Mr Mullin handed a vast amount of information to the police over the course of their many investigations into the bombings, but in a redacted format in order to protect the identity of those he interviewed who were still alive – a promise he made to the sources in order to secure the interviews.
However, WMP believed that the redacted information was key to its investigation because it believed that when Mr Mullin interviewed one of the potential suspects, he confirmed the identity of another suspect as being the person who planted the bombs in the Birmingham pubs.
In deciding whether to compel disclosure of the material in question, the court had three questions to consider:
- Firstly, did Mr Mullin have material in his possession, custody or control which was caught by the wording of the Order sought by WMP? And if so, what material did he have?
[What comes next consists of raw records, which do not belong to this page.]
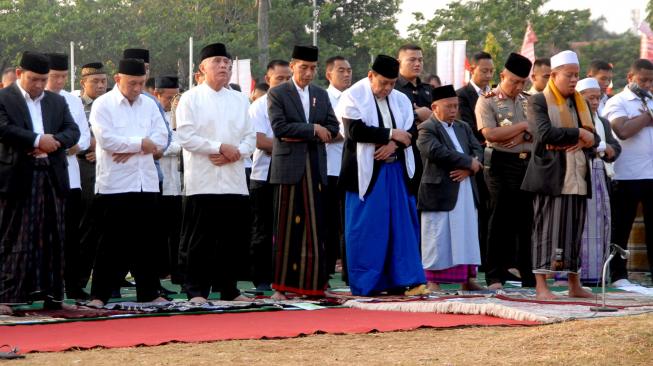 Presiden Joko Widodo menunaikan Salat Idul Adha berjamaah bersama masyarakat yang tinggal di sekitar Kabupaten Bogor, Jawa Barat. [ANTARA FOTO/Yulius Satria Wijaya]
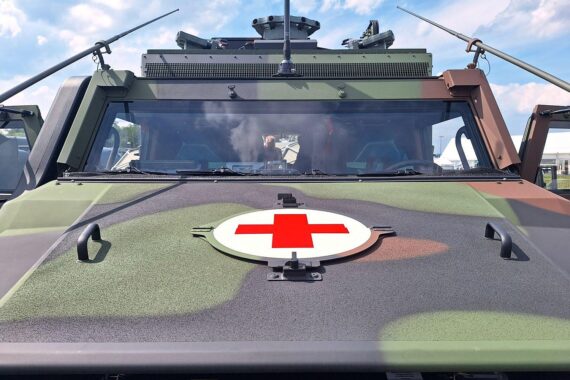Ein Bundeswehr-Sanitätsfahrzeug steht einsatzbereit, symbolisiert mangelnde Vorbereitung auf Chemiewaffenangriffe.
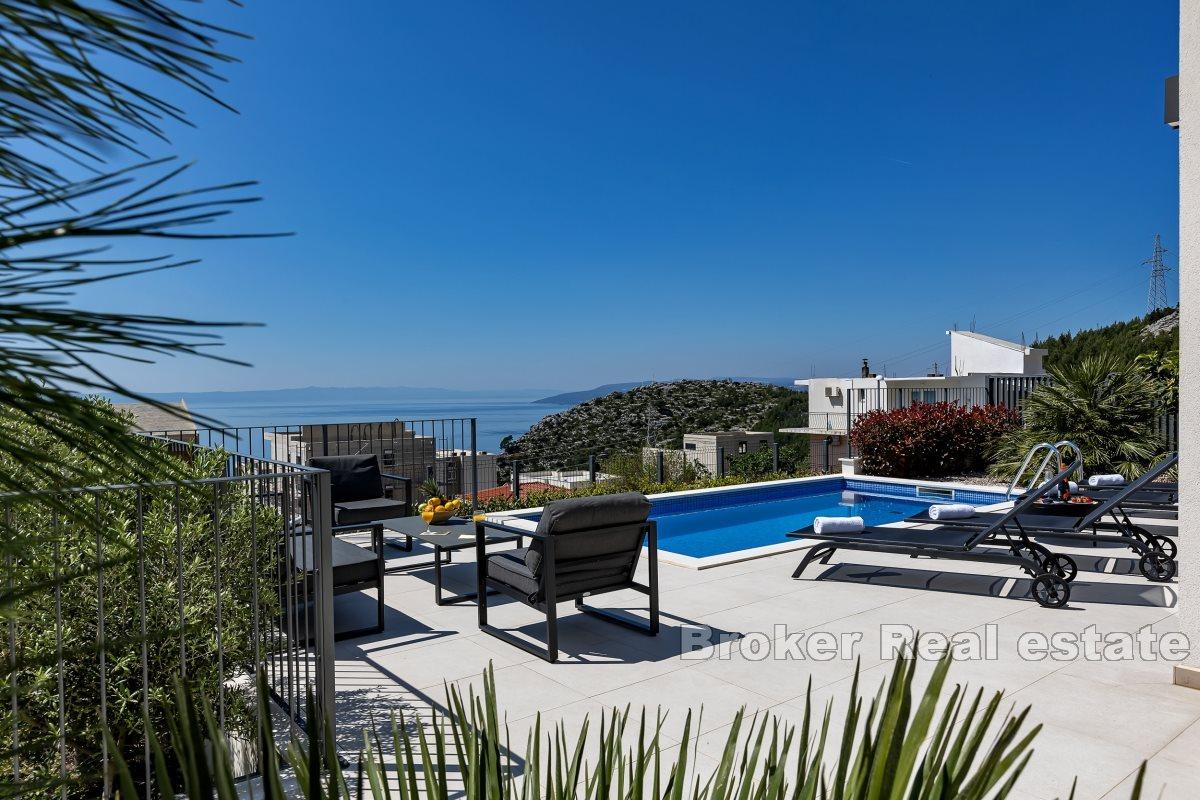 Luxury villa with a panoramic view of the sea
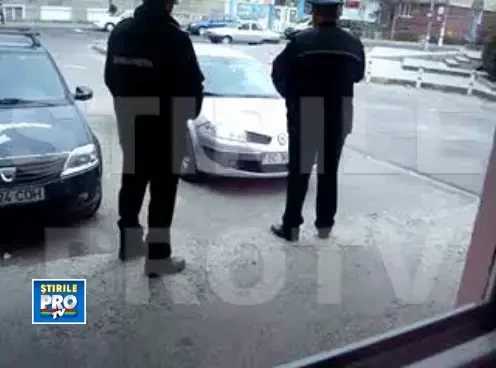 VIDEO. Consumatorii de etnobotanice, impiedicati de politisti sa-si cumpere drogul:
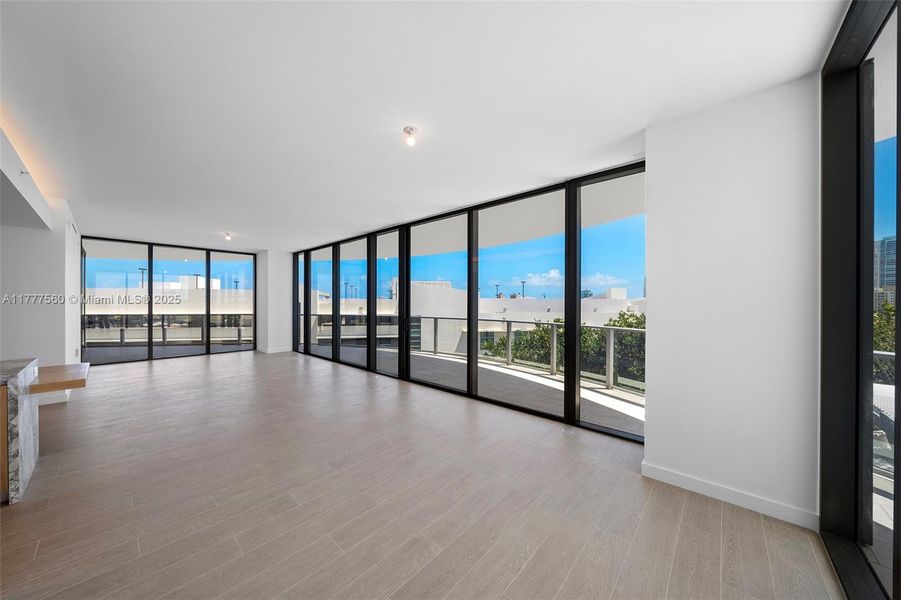 Spacious, unfurnished interior of a new home in Five Park, Miami Beach (Image 13).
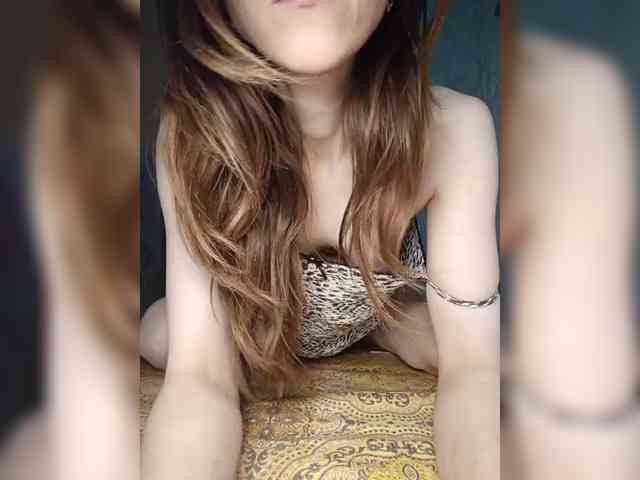 Your-Peachy-Dream webcam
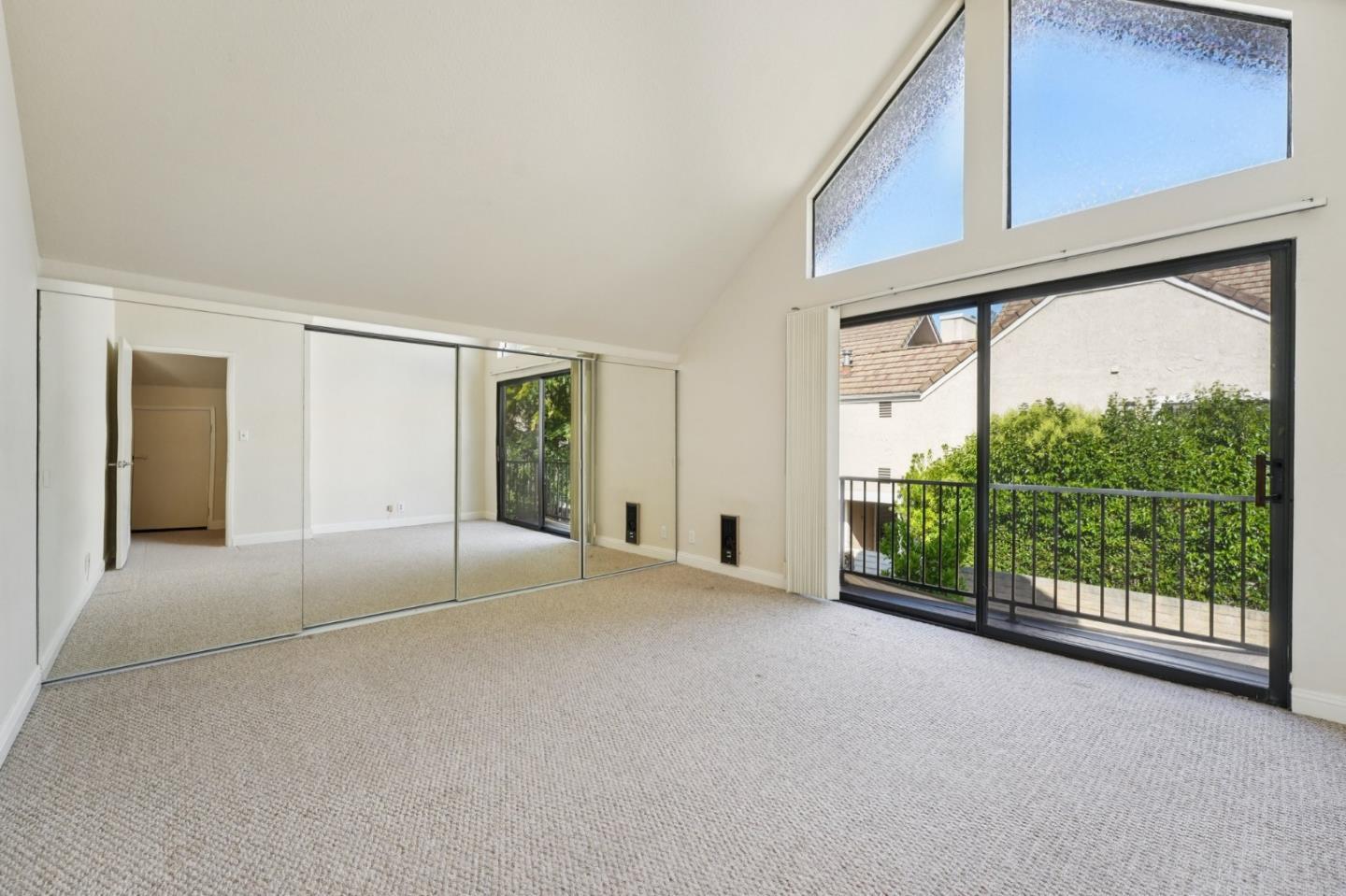 Detail Gallery Image 11 of 28 For 1734 W El Camino Real #1,  Mountain View,  CA 94040 - 2 Beds | 1/1 Baths
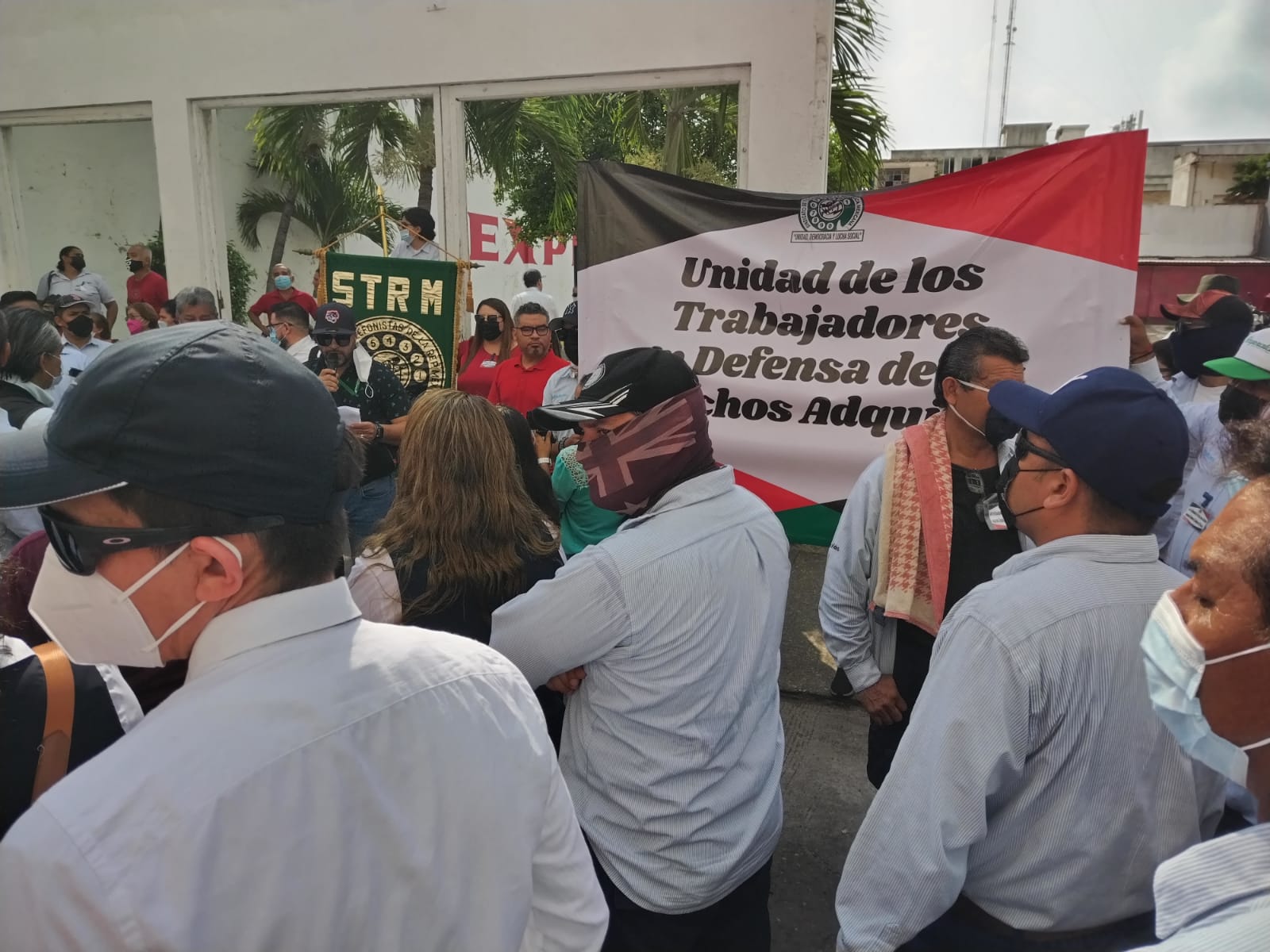 telefonistas amenazan con huelga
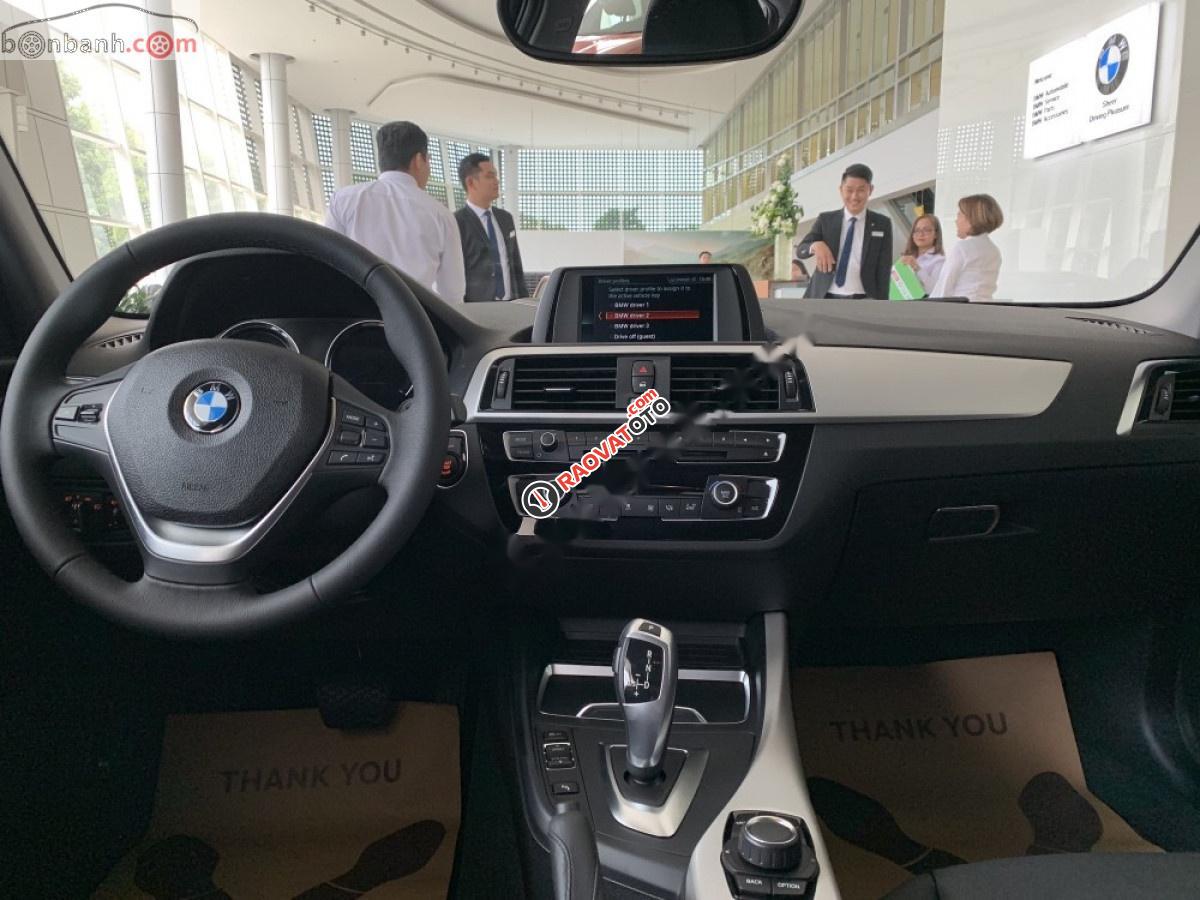 Bán xe BMW 118i 2018, màu xanh lam, xe nhập-2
- Secondly, in relation to the material which is the subject of the production order, were there reasonable grounds for believing that the material was likely to be of substantial valueto a terrorist investigation?
- Thirdly, was there a clear and compelling case that there was an overriding public interest that might displace Mr Mullin’s strong Article 10 right to protect his confidential source?
Judge Lucraft QC found that Mr Mullin did have such material in his possession, and that there were reasonable grounds to believe that the material would be of substantial value to the investigation into the bombings.
However, on the third question, Judge Lucraft found that there was not an overriding public interest in compelling disclosure and Mr Mullin’s right to protect his source had not been displaced.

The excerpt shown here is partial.